This is a 'show that' question so what I need to show is that ##\frac{\partial u}{\partial r} \frac{dr}{dt} = (u \cdot \nabla) u##
There is an abuse of notation in which one can write [itex]\frac{\partial}{\partial \mathbf{x}}[/itex] to mean [itex]\nabla[/itex], but this is best avoided.

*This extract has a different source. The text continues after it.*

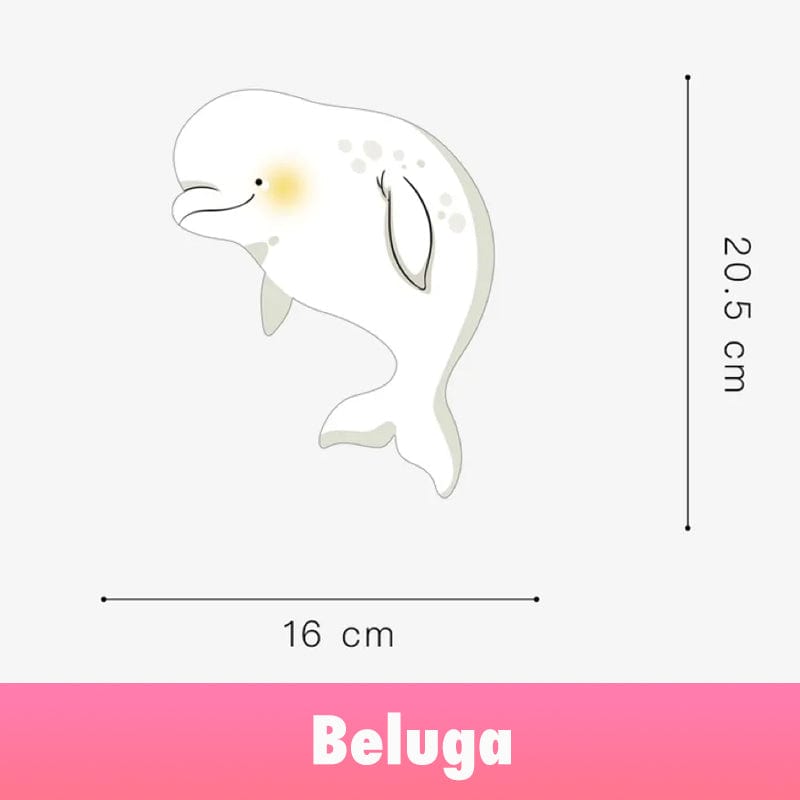 Beluga Whale Handbag | Lemonschunks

The chain rule for a real-valued function [itex]f(t, x_1(t), \dots, x_n(t))[/itex] is
[tex]
\frac{\mathrm{d}f}{\mathrm{d}t} = \frac{\partial f}{\partial t} + \sum_{k=1}^n
\frac{\partial f}{\partial x_k} \frac{\mathrm{d}x_k}{\mathrm{d}t}
[/tex]
The sum on the right can be interpreted as [itex]\frac{\mathrm{d}\mathbf{x}}{\mathrm{d}t} \cdot
\nabla f[/itex] if the [itex]x_i[/itex] are treated as cartesian coordinates.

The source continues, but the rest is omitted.